Intro
I think we probably all agree that it would be nice to have a proper BNF for the Nix language, and that ideally the "official" parser would be compiled from that BNF. Here's why:
- It could improve editor support (e.g.: we could have a
nix-parse executable that either pretty-prints the AST or outputs it in JSON/XML/s-expression format).
- It could make projects like hnix, cabal2nix, and nixfmt much easier.
- It would also serve as an official definition of the Nix syntax, which would be a stepping stone to a formal executable semantics for Nix.
- The Nix syntax would have improved documentation (I have often seen people complain about the Nix syntax being weird, so the ability to link to the full BNF and say "it's not that bad!" would be quite nice).
- Code quality in the Nix evaluator would likely increase, and we could decrease the incidence of bugs in our parser (admittedly I don't know if such bugs are common).

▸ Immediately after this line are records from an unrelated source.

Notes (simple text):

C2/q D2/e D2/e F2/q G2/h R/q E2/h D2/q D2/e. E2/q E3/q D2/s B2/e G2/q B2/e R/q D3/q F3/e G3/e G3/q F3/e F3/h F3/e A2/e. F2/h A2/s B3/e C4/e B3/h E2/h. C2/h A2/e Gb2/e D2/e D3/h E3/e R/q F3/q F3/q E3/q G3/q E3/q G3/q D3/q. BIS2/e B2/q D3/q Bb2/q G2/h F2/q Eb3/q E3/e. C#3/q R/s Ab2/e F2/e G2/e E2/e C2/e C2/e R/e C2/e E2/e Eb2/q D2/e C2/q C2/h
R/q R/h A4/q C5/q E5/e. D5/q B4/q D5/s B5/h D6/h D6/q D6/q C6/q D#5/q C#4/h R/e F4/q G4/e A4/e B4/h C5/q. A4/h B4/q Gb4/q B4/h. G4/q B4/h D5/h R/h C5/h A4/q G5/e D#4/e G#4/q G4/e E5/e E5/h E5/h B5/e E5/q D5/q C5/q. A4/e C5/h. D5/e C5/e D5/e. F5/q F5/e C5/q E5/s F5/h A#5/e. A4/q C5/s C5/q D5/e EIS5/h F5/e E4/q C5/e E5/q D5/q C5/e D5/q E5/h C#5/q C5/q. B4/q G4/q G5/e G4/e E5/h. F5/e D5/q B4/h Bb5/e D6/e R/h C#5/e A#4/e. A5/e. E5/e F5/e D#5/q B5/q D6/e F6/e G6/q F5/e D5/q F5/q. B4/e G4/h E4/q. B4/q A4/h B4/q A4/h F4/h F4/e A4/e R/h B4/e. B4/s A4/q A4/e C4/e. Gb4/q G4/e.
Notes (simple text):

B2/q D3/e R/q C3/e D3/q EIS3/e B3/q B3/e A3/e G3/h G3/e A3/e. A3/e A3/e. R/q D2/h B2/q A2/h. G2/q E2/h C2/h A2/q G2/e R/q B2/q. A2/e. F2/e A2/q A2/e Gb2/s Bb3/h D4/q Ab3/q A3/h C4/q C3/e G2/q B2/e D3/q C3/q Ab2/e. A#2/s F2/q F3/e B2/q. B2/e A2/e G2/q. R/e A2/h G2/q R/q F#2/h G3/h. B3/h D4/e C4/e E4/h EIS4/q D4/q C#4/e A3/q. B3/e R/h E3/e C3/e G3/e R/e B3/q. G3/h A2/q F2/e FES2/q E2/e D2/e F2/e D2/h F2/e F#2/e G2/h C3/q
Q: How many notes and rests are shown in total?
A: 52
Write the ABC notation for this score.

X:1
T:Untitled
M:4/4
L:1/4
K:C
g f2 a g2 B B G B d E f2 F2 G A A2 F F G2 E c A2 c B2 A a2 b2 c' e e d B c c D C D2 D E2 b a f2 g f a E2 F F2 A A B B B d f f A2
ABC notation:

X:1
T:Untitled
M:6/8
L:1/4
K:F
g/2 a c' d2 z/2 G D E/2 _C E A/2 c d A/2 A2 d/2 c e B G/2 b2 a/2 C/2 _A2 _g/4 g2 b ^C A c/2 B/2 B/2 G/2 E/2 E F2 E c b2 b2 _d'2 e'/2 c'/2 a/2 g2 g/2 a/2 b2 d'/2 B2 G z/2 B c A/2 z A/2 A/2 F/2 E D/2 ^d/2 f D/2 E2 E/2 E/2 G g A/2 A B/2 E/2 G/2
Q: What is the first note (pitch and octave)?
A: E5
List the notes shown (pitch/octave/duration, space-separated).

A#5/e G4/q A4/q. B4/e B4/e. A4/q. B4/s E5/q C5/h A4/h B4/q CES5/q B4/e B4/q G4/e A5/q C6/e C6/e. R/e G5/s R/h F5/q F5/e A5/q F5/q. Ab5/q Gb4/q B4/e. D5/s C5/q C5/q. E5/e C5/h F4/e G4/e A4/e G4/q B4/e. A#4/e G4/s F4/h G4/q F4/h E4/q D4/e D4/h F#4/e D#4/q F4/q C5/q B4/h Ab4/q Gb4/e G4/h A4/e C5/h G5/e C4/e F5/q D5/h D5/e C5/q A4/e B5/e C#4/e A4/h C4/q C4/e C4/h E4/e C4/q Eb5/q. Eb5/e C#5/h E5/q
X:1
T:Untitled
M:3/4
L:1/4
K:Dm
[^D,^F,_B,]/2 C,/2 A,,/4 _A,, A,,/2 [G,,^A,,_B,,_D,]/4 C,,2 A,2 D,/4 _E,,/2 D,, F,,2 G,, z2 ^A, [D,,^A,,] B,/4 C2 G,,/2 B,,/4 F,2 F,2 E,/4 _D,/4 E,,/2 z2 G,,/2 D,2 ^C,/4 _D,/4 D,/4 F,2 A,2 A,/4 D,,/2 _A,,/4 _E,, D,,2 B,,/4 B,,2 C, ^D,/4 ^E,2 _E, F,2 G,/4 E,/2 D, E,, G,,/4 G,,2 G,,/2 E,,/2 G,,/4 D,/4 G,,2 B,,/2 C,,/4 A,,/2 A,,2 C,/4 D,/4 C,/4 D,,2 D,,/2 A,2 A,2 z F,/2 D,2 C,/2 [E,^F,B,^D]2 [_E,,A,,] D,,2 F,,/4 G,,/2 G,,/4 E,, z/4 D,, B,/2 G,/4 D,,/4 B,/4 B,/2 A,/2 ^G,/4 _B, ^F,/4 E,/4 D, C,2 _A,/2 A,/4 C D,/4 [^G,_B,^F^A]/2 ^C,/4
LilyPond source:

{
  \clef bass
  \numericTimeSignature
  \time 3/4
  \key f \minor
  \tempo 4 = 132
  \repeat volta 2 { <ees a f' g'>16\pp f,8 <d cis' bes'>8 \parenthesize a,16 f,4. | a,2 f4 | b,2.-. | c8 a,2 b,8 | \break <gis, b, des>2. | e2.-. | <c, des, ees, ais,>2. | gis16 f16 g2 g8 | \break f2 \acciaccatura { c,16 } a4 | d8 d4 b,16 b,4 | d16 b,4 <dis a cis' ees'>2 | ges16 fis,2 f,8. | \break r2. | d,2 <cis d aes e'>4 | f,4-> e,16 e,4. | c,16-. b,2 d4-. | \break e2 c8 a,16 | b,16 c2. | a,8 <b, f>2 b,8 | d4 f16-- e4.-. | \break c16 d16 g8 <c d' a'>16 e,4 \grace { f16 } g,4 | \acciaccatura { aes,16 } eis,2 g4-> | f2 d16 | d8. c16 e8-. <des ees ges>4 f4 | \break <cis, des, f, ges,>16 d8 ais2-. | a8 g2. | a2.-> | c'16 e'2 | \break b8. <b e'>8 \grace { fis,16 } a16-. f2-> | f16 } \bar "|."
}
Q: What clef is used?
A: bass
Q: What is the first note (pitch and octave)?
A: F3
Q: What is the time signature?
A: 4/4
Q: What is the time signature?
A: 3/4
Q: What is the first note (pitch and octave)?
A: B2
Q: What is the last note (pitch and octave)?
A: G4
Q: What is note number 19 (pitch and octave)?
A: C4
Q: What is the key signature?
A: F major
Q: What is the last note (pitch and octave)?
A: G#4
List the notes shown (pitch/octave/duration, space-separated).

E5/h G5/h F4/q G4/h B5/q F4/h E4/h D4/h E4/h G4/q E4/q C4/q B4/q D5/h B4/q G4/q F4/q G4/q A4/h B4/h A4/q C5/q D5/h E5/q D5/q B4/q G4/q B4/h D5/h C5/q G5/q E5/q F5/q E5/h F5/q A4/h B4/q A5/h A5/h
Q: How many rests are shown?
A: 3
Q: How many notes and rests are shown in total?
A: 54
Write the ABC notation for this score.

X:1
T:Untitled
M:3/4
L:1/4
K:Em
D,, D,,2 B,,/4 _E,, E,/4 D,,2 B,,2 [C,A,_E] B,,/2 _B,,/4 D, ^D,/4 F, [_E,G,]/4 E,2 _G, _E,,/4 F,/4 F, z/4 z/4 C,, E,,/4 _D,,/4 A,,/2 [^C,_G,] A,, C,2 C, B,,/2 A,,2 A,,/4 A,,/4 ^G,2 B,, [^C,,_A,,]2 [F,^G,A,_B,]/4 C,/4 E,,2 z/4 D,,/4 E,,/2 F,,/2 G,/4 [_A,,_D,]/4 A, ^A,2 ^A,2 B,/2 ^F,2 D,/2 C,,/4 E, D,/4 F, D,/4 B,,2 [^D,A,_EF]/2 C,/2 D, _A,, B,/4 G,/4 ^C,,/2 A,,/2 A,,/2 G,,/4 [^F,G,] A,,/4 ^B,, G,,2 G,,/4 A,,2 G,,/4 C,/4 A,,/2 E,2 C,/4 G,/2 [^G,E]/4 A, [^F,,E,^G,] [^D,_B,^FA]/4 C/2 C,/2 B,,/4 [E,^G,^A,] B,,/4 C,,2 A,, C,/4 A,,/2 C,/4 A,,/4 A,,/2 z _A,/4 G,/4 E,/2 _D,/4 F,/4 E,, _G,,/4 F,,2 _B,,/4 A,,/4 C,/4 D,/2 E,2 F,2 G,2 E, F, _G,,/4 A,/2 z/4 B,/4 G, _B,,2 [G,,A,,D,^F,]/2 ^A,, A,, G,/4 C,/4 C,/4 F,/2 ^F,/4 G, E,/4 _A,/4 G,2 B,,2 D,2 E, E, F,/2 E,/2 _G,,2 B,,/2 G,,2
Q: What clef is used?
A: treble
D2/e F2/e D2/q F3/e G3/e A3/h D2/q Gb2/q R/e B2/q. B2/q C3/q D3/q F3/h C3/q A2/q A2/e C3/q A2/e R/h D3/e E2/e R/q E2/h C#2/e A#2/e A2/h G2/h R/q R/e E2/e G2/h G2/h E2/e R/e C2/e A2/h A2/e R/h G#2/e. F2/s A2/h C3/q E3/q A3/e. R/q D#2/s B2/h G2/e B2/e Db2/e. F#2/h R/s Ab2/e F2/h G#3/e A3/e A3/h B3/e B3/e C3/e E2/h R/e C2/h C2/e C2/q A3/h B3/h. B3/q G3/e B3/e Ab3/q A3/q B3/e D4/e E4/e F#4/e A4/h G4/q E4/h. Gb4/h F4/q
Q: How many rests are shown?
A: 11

There is a tool that would allow for such a thing, called BNFC. It has a very BNF-like syntax and has many backends (C/C++ via Bison/Flex, Haskell via Happy/Alex, OCaml, LaTeX for documentation), and can even generate pretty-printers.
Obstacles
The obstacles I see to using BNFC for the Nix parser are:
- The BNF would have to be written. This doesn't seem too hard but someone has to do it. There are a few existing Haskell parsers that one could look at for inspiration, and the Nix expression syntax isn't so complicated anyway. The Nix source code will probably have to refactored to deal with the new intermediate representation, as well.
- The parser thus generated could be too slow for nixpkgs – we're already dealing with some major evaluation time problems.
- Naively, this would introduce GHC into the compile-time closure of Nix.
Obstacle 1
Regarding obstacle 1, this is unavoidable but I might be willing to do a large amount of the work here (though it would be nice to have a point of contact on IRC for questions about the Nix internals).
Obstacle 2
Regarding obstacle 2: I think we mainly need an answer to the question "How much time is currently spent in the Nix parser versus other parts of evaluation?". If the answer is "not very much", then the speed of the generated parser will probably not be much of an issue. Otherwise, I would be willing to write a BNFC grammar and compare its speed to the current parser, assuming we agree on a solution for obstacle 3.
Obstacle 3
Regarding obstacle 3, I have thought of a few different options for mitigating the issue (I've put the "cons" associated with each option in bold, and any notable "pros" in italics):
Mitigations
- We could have the BNFC-based parser in addition to an in-tree parser that is used as a fallback in case BNFC is not available.
- Could lead to the BNFC parser falling out of sync with the in-tree parser.
- We now need to maintain two syntax definitions.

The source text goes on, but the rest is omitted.